English    Türkçe    فارسی   

5
465-489

  • O, hizmetle hizmet edilme nazına erişmiştir; bu, kendisine hizmet edilmeyi dilemiş, yüce yolundan geri dönmüştür. 465
  • آن ز خدمت ناز مخدومی بیافت  ** وآن ز مخدومی ز راه عز بتافت 
  • O Firavunlukta suya tutsak olmuş, İsrailoğlu, tutsaklık yüzünden yüzlerce Suhrab kuvvetini elde etmiştir.
  • آن ز فرعونی اسیر آب شد  ** وز اسیری سبط صد سهراب شد 
  • Bu aykırı bir oyundur, yaman bir ferzin-benttir. Hileye az başvur, devlet ve baht işidir bu.
  • لعب معکوسست و فرزین‌بند سخت  ** حیله کم کن کار اقبالست و بخت 
  • Hayal ve hileyi az doku. Çünkü, gani Allah hileciye az yol gösterir.
  • بر حیال و حیله کم تن تار را  ** که غنی ره کم دهد مکار را 
  • Hile edeceksen iyi hizmet etme yolunda hile et de bir ümmet içinde peygamberlik elde edesin.
  • مکر کن در راه نیکو خدمتی  ** تا نبوت یابی اندر امتی 
  • Hile et de kendi hilenden kurtul. Hile et de bedenden ayrıl tek kal! 470
  • مکر کن تا وا رهی از مکر خود  ** مکر کن تا فرد گردی از جسد 
  • Hile et de en aşağı bir kul ol. Aşağılıkla yürü de efendi kesil.
  • مکر کن تا کمترین بنده شوی  ** در کمی رفتی خداونده شوی 
  • Ey koca kurt, tilkiliğe kalkışma, hile ve hizmetle efendilik etmeyi umma.
  • روبهی و خدمت ای گرگ کهن  ** هیچ بر قصد خداوندی مکن 
  • Fakat pervane gibi ateşe atıl, o ateşi kesene doldurup ağzını büzme, her şeyden kurtul.
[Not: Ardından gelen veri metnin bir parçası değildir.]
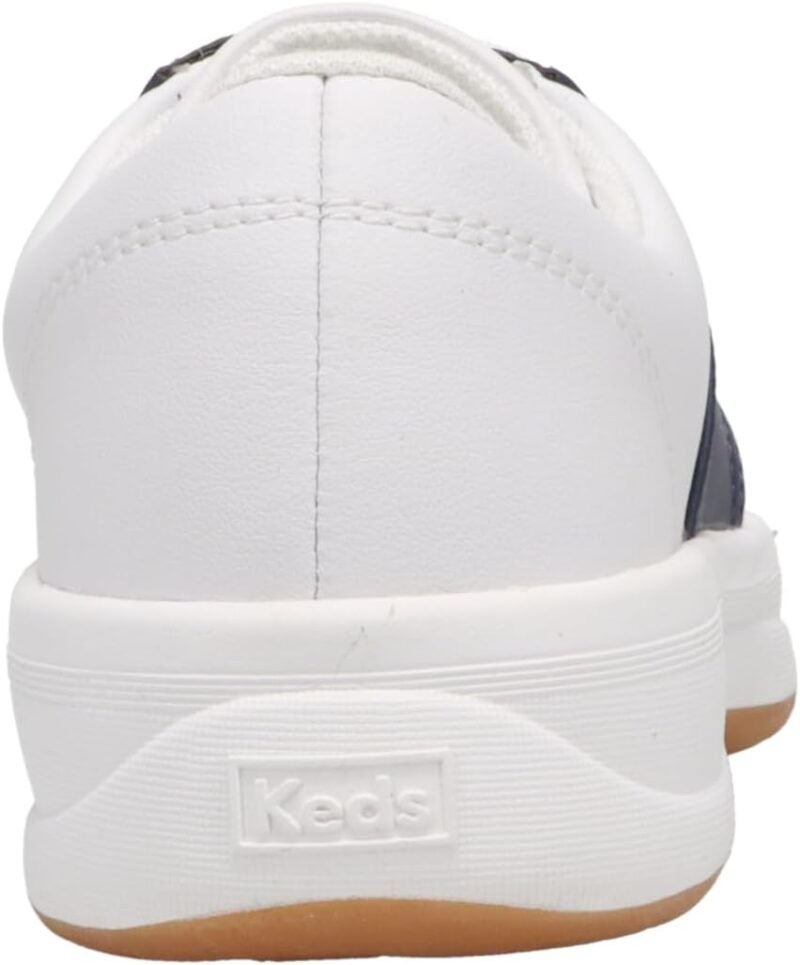 Keds Girl's School Days (Little Big Kid) Sneaker - Image 3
  • لیک چون پروانه در آتش بتاز  ** کیسه‌ای زان بر مدوز و پاک باز 
  • Gücü kuvveti bırak, ağlamaya giriş. A yoksul, ağlayışa acınır.
  • زور را بگذار و زاری را بگیر  ** رحم سوی زاری آید ای فقیر 
  • Susuz ve aciz kişini ağlayışı mânevidir, doğrudur. Soğuk,soğuk ağlayışsa, o azgının yalanından ibarettir. 475
  • زاری مضطر تشنه معنویست  ** زاری سرد دروغ آن غویست 
  • Yusuf’un kardeşlerinin ağlamaları hileden ibarettir. çünkü, içleri hasetle, illetle doludur.
  • گریه‌ی اخوان یوسف حیلتست  ** که درونشان پر ز رشک و علتست 
  • Köpeği açlıktan ölen ve dağarcığı ekmekle dolu olduğu halde köpeğine bir lokma bile vermeyip de ölümüne ağlıyan, şiirler söyliyen, başına yüzüne vuran Arap
  • حکایت آن اعرابی کی سگ او از گرسنگی می‌مرد و انبان او پر نان و بر سگ نوحه می‌کرد و شعر می‌گفت و می‌گریست و سر و رو می‌زد و دریغش می‌آمد لقمه‌ای از انبان به سگ دادن 
  • Arab’ın birinin köpeği ölmek üzereydi. Arap yağmur gibi gözyaşı dökmede, başıma ne dertler geldi demedeydi.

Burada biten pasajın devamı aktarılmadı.